Required work:
Among the entries below, count the lines that contain the word "Auto". Respond with the count only.

The data:

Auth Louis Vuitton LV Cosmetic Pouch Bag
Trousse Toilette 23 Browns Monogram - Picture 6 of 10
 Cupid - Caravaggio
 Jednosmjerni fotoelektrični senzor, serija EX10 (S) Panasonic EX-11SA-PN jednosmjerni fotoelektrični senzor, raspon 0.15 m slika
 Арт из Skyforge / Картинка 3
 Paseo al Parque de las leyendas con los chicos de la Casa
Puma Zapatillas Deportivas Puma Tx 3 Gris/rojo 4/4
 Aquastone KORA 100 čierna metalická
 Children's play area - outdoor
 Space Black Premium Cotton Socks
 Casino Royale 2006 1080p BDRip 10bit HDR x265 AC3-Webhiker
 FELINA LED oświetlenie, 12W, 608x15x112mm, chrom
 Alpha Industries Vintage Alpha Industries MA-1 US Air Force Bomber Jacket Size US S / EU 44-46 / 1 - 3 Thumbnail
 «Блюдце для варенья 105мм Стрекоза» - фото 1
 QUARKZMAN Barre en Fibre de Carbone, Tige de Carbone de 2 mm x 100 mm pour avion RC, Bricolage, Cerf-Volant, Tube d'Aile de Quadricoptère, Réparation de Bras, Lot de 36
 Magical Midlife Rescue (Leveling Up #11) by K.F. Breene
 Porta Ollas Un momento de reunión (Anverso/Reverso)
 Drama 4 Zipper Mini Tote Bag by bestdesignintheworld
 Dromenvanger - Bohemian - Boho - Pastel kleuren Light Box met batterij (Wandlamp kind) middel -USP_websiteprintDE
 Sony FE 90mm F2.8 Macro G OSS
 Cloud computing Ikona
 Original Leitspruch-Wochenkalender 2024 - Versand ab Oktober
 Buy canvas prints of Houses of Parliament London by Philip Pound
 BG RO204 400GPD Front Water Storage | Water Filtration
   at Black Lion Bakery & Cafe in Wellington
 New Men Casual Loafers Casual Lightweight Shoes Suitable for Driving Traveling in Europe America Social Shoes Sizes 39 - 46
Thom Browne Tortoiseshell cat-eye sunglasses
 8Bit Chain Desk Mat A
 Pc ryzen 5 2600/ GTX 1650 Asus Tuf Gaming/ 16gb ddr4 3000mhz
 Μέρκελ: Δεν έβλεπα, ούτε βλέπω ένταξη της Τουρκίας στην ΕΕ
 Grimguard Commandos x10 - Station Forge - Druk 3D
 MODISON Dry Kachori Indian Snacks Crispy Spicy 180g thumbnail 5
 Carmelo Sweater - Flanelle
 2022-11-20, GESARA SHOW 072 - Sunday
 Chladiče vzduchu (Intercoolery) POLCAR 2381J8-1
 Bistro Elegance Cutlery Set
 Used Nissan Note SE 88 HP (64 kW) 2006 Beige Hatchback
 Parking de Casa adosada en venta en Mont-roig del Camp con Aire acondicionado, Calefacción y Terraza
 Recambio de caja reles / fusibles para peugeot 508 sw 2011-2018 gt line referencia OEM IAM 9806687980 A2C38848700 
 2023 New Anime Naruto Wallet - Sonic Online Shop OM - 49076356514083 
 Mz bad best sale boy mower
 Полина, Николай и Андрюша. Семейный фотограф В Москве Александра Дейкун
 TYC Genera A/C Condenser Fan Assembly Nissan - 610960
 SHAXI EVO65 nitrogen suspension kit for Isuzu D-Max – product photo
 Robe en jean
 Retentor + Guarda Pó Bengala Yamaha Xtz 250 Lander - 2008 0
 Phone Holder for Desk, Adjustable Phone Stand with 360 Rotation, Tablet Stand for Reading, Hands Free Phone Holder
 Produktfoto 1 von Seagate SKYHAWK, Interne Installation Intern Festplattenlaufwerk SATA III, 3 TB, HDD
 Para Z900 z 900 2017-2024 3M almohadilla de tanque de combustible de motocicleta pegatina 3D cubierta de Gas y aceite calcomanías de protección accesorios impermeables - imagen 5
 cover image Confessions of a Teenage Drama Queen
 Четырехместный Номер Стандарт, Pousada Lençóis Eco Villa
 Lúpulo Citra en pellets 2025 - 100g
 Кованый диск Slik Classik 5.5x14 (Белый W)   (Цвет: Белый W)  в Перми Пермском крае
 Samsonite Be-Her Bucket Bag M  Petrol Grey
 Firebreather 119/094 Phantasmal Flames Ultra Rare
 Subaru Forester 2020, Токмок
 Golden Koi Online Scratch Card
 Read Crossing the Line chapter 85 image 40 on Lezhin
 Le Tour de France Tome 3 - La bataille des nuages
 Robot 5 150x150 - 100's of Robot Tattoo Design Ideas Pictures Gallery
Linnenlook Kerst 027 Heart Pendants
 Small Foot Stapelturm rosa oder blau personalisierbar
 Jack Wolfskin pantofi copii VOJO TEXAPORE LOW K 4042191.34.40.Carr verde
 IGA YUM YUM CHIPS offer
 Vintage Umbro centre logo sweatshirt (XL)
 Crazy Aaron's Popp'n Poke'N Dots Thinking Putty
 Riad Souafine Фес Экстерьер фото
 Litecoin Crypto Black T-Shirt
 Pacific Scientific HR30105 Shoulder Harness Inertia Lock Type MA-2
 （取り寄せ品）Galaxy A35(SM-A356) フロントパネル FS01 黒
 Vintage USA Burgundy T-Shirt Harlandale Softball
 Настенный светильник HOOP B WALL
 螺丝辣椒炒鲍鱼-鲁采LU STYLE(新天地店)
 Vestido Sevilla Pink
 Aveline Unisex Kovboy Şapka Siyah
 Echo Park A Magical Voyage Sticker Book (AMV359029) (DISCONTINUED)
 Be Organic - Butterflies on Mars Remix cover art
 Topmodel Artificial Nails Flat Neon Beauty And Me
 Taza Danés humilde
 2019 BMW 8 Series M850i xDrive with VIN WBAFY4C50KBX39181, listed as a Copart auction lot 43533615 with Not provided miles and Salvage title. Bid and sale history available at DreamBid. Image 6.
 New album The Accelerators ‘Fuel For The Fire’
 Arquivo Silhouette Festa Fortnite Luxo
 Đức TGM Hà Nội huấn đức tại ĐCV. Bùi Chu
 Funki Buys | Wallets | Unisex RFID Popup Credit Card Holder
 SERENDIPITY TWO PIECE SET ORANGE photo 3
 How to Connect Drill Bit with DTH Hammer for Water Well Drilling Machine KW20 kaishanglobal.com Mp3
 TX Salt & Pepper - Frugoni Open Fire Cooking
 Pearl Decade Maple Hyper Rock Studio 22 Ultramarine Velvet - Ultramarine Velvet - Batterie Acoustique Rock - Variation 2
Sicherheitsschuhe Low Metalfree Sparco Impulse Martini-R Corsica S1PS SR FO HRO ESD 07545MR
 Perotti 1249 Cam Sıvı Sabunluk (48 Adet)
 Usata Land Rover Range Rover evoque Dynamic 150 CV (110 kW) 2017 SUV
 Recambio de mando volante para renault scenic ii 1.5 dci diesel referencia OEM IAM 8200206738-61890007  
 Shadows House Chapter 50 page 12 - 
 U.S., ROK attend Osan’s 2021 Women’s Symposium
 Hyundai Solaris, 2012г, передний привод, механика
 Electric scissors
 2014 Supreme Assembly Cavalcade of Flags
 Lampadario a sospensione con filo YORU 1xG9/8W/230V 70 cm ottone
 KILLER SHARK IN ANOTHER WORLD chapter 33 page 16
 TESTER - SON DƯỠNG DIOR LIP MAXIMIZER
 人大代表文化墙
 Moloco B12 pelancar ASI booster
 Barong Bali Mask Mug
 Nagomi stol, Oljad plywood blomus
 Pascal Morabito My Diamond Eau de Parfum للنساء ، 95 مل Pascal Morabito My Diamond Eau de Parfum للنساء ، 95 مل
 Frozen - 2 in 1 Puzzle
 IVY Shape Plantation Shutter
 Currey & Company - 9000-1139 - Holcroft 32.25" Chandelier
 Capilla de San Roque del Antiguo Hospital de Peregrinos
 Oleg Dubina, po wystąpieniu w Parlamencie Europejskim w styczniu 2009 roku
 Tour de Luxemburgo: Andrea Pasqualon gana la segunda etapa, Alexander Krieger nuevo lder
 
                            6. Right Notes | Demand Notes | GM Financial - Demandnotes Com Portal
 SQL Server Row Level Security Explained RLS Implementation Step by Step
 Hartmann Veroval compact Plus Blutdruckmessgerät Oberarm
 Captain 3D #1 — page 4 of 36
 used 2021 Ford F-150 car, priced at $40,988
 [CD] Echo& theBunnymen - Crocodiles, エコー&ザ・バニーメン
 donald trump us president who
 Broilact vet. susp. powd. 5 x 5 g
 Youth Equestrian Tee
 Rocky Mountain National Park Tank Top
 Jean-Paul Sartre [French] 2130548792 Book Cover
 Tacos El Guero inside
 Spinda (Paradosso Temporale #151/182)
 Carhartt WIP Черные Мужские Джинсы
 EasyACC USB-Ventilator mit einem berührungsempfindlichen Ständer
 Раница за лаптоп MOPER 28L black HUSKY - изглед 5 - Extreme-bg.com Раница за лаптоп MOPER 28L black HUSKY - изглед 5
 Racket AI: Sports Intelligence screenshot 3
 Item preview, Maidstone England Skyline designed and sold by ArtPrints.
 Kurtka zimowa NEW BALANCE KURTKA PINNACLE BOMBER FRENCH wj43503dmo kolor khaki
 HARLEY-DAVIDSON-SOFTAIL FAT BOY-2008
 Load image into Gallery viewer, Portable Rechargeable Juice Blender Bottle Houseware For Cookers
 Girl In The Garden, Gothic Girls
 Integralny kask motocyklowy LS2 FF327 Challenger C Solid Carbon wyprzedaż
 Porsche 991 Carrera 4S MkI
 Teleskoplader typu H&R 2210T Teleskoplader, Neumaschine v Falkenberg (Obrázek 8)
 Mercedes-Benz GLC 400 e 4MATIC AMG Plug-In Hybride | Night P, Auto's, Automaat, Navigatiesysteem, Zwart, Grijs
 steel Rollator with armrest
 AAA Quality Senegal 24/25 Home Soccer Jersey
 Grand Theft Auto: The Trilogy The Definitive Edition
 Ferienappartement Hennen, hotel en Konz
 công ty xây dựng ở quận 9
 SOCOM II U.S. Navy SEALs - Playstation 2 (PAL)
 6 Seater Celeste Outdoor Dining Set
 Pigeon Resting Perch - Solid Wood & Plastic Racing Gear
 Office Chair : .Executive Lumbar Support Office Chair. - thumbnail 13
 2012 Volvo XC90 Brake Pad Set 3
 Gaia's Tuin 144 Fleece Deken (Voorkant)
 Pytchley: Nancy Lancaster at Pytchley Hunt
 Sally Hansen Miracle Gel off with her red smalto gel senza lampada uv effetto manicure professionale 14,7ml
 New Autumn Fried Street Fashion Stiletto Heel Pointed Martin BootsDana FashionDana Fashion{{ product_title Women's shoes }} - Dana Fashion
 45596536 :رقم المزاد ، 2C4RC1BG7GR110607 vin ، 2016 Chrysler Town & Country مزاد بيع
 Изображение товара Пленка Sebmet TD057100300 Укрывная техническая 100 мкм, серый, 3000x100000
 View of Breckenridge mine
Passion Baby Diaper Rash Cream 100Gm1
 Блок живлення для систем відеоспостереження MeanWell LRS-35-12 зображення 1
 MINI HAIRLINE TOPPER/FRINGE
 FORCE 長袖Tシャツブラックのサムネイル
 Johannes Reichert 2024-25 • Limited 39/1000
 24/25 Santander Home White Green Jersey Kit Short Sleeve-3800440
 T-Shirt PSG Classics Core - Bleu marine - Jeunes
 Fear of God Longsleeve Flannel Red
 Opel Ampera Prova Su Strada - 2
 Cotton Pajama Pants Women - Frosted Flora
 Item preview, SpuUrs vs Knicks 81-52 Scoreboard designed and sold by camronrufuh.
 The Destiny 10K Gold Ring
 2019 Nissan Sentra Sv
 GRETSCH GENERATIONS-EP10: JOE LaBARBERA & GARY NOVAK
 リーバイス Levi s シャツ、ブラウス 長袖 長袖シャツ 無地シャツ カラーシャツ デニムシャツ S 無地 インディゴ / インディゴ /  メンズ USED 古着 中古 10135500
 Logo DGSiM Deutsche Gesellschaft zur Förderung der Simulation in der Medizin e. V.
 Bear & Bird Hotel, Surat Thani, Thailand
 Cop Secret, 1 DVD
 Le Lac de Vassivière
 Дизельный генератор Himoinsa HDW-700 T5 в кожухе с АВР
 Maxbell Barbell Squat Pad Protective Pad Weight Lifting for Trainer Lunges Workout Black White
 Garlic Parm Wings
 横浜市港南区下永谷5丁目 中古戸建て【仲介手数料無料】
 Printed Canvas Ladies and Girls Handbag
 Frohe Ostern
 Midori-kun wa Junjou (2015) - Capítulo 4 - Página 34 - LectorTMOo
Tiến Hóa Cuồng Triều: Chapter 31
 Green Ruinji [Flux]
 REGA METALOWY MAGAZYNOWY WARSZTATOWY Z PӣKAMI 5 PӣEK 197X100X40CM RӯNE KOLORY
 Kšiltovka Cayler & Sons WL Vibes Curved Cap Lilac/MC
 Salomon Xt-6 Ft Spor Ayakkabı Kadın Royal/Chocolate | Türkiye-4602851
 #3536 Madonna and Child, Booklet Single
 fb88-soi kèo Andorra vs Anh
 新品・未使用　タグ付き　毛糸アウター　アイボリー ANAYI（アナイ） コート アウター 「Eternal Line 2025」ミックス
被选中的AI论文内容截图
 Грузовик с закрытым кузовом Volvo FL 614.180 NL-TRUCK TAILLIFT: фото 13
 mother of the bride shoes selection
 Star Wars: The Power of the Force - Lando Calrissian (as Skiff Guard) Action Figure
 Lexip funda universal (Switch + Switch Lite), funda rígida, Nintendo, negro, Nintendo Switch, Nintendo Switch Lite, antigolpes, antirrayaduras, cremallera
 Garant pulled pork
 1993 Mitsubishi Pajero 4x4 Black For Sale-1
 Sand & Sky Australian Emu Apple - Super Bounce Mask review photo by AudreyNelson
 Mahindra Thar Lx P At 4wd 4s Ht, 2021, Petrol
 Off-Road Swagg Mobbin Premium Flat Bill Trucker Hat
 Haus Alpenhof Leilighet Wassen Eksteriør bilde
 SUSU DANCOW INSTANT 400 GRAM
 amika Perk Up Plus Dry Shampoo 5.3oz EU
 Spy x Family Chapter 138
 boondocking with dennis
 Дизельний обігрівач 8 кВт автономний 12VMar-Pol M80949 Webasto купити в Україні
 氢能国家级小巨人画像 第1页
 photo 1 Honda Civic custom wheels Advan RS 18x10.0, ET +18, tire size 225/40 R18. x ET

Exercise solution:
2